- [Work instructions] Leaving out all pictures, return exactly the lines from the one that contains "Corner Unit |" through the end of the data below.

- [Material for this task]

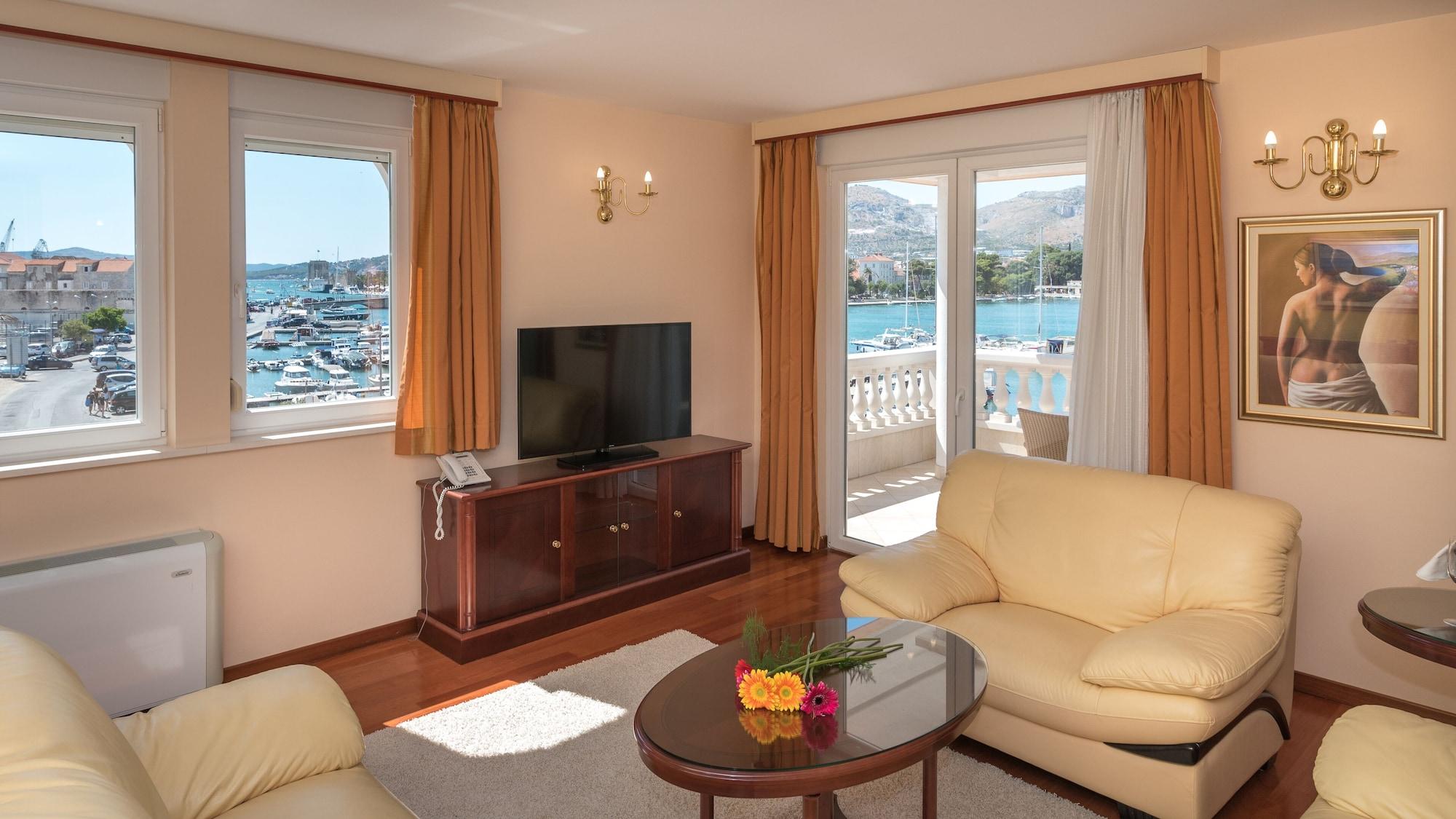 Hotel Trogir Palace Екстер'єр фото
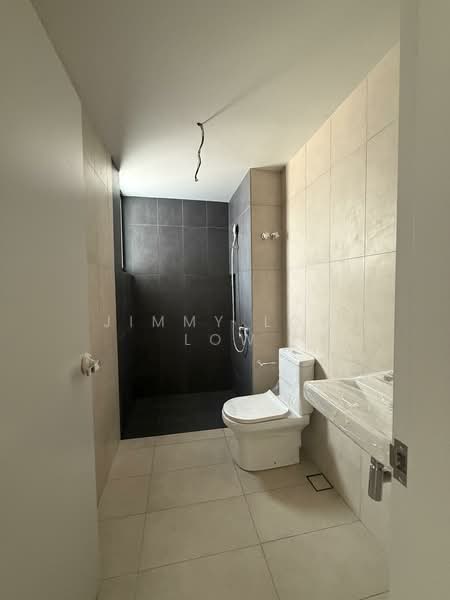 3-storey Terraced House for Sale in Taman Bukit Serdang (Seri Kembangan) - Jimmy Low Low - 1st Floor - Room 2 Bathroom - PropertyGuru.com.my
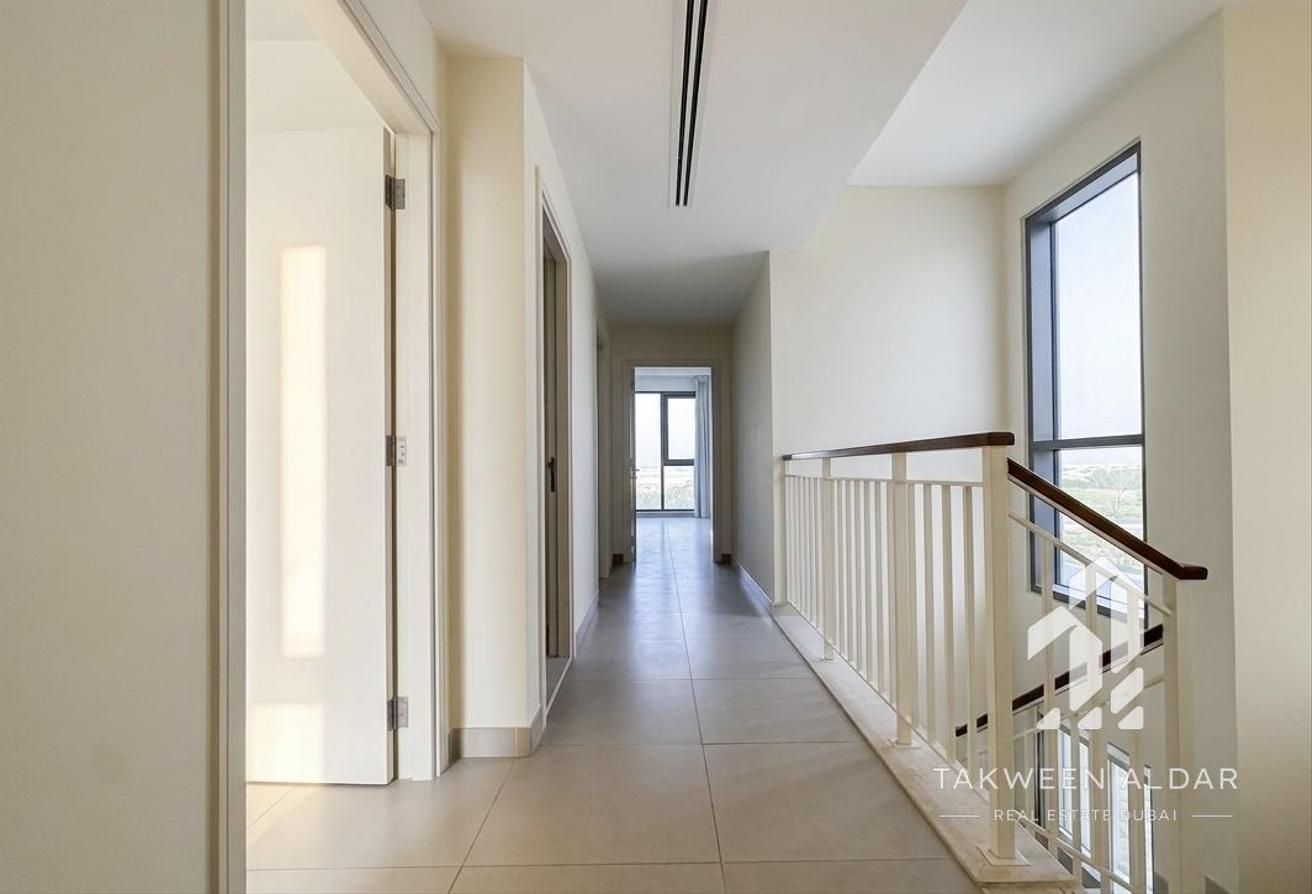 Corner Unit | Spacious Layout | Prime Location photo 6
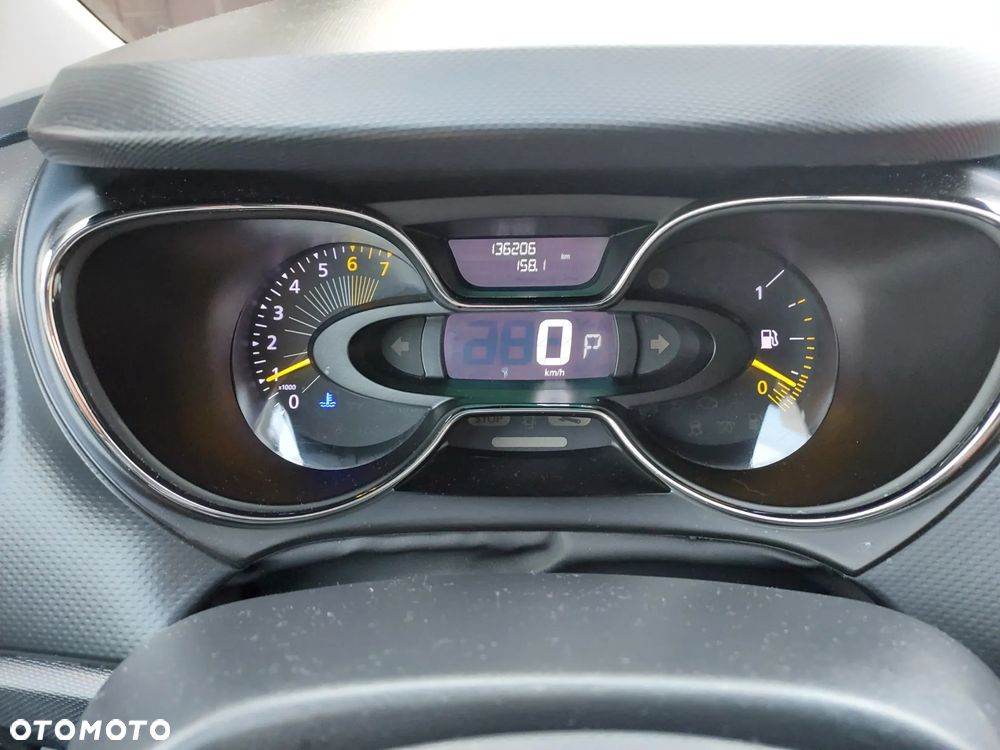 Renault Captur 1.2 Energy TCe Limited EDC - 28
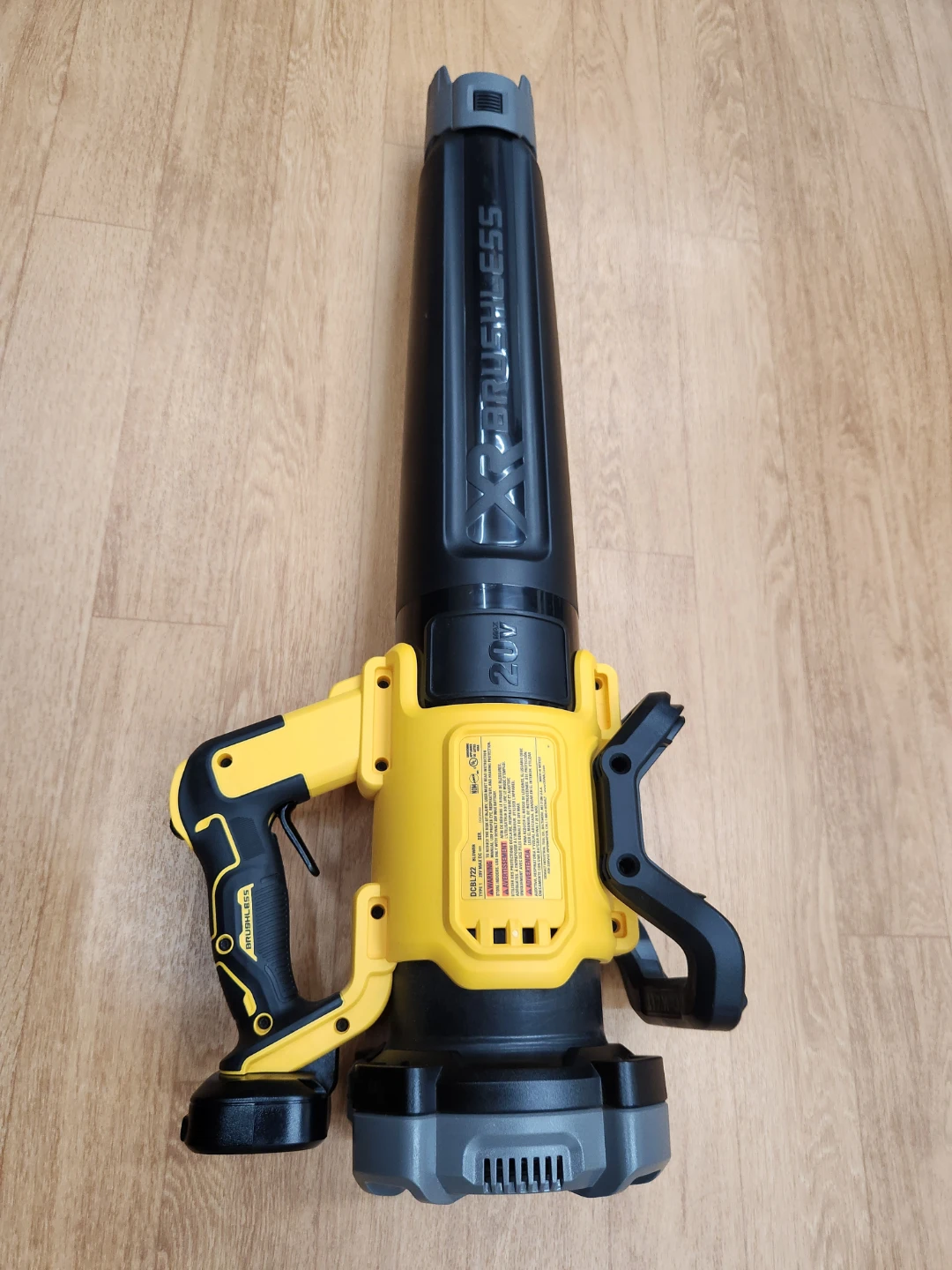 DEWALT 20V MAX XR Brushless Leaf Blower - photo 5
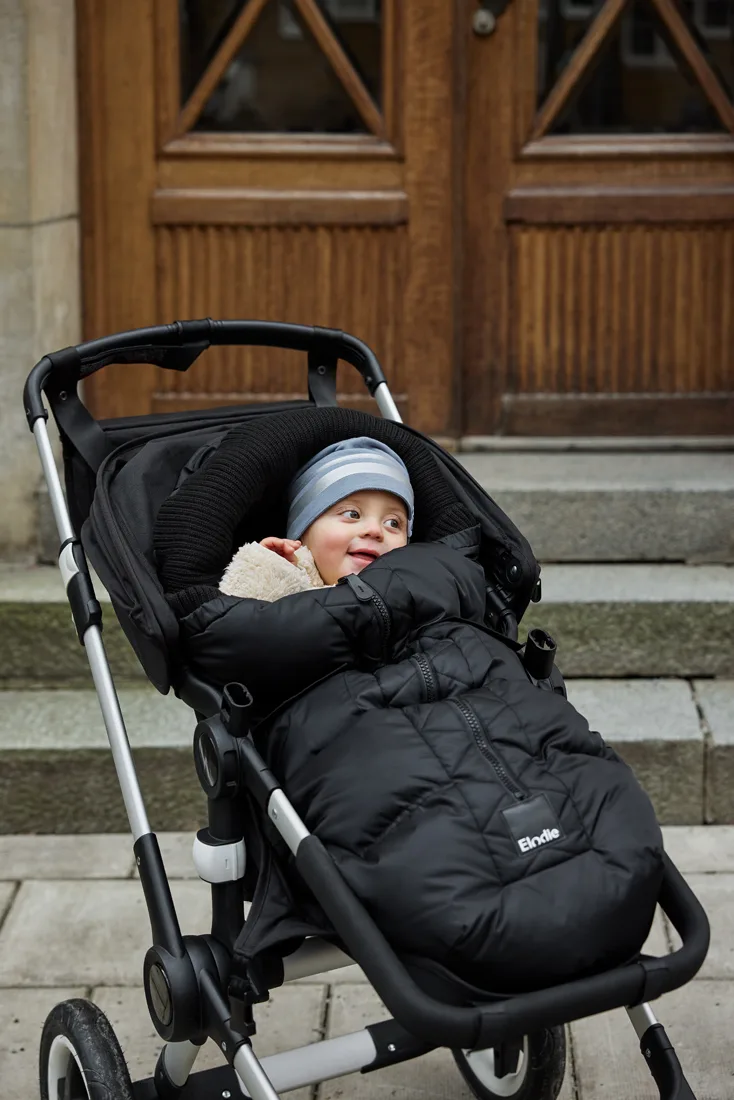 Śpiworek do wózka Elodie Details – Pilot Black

- [The completed task]
 Corner Unit | Spacious Layout | Prime Location photo 6
 Renault Captur 1.2 Energy TCe Limited EDC - 28
 DEWALT 20V MAX XR Brushless Leaf Blower - photo 5
 Śpiworek do wózka Elodie Details – Pilot Black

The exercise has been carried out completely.